[Extracted data entries]

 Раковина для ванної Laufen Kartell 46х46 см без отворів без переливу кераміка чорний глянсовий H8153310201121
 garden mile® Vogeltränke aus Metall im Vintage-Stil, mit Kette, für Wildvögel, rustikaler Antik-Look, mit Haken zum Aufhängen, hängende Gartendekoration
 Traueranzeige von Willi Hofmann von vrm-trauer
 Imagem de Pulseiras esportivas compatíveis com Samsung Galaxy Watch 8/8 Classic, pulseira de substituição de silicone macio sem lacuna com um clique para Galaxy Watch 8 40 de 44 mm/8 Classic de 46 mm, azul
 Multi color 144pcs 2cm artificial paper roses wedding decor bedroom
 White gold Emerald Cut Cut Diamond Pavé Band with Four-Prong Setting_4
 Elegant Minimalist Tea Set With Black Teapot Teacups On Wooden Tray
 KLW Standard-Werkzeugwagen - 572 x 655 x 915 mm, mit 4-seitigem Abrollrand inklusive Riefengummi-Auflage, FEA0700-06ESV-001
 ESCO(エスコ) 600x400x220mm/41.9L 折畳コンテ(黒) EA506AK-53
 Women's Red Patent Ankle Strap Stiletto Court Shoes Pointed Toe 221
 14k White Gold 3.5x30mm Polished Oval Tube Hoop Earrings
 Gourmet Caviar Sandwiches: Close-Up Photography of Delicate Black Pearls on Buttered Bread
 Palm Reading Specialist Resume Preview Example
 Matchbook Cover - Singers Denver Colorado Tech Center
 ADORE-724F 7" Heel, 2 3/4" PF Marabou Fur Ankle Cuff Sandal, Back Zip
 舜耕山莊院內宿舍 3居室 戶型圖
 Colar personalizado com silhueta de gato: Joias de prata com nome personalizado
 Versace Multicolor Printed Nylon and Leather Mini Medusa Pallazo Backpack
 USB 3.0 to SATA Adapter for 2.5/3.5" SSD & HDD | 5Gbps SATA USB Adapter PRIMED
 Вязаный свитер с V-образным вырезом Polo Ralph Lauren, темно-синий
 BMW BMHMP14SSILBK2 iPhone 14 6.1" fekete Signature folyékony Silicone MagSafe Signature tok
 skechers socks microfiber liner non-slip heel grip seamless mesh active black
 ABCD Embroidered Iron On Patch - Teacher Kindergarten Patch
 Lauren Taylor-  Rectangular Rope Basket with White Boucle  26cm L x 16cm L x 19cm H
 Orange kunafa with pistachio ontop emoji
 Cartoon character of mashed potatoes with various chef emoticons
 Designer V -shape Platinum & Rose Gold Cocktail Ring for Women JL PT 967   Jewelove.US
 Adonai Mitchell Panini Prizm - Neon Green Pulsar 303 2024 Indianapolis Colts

• [Task requirements] Set down each entry again, unchanged.

• [Solution to the exercise]
 Раковина для ванної Laufen Kartell 46х46 см без отворів без переливу кераміка чорний глянсовий H8153310201121
 garden mile® Vogeltränke aus Metall im Vintage-Stil, mit Kette, für Wildvögel, rustikaler Antik-Look, mit Haken zum Aufhängen, hängende Gartendekoration
 Traueranzeige von Willi Hofmann von vrm-trauer
 Imagem de Pulseiras esportivas compatíveis com Samsung Galaxy Watch 8/8 Classic, pulseira de substituição de silicone macio sem lacuna com um clique para Galaxy Watch 8 40 de 44 mm/8 Classic de 46 mm, azul
 Multi color 144pcs 2cm artificial paper roses wedding decor bedroom
 White gold Emerald Cut Cut Diamond Pavé Band with Four-Prong Setting_4
 Elegant Minimalist Tea Set With Black Teapot Teacups On Wooden Tray
 KLW Standard-Werkzeugwagen - 572 x 655 x 915 mm, mit 4-seitigem Abrollrand inklusive Riefengummi-Auflage, FEA0700-06ESV-001
 ESCO(エスコ) 600x400x220mm/41.9L 折畳コンテ(黒) EA506AK-53
 Women's Red Patent Ankle Strap Stiletto Court Shoes Pointed Toe 221
 14k White Gold 3.5x30mm Polished Oval Tube Hoop Earrings
 Gourmet Caviar Sandwiches: Close-Up Photography of Delicate Black Pearls on Buttered Bread
 Palm Reading Specialist Resume Preview Example
 Matchbook Cover - Singers Denver Colorado Tech Center
 ADORE-724F 7" Heel, 2 3/4" PF Marabou Fur Ankle Cuff Sandal, Back Zip
 舜耕山莊院內宿舍 3居室 戶型圖
 Colar personalizado com silhueta de gato: Joias de prata com nome personalizado
 Versace Multicolor Printed Nylon and Leather Mini Medusa Pallazo Backpack
 USB 3.0 to SATA Adapter for 2.5/3.5" SSD & HDD | 5Gbps SATA USB Adapter PRIMED
 Вязаный свитер с V-образным вырезом Polo Ralph Lauren, темно-синий
 BMW BMHMP14SSILBK2 iPhone 14 6.1" fekete Signature folyékony Silicone MagSafe Signature tok
 skechers socks microfiber liner non-slip heel grip seamless mesh active black
 ABCD Embroidered Iron On Patch - Teacher Kindergarten Patch
 Lauren Taylor-  Rectangular Rope Basket with White Boucle  26cm L x 16cm L x 19cm H
 Orange kunafa with pistachio ontop emoji
 Cartoon character of mashed potatoes with various chef emoticons
 Designer V -shape Platinum & Rose Gold Cocktail Ring for Women JL PT 967   Jewelove.US
 Adonai Mitchell Panini Prizm - Neon Green Pulsar 303 2024 Indianapolis Colts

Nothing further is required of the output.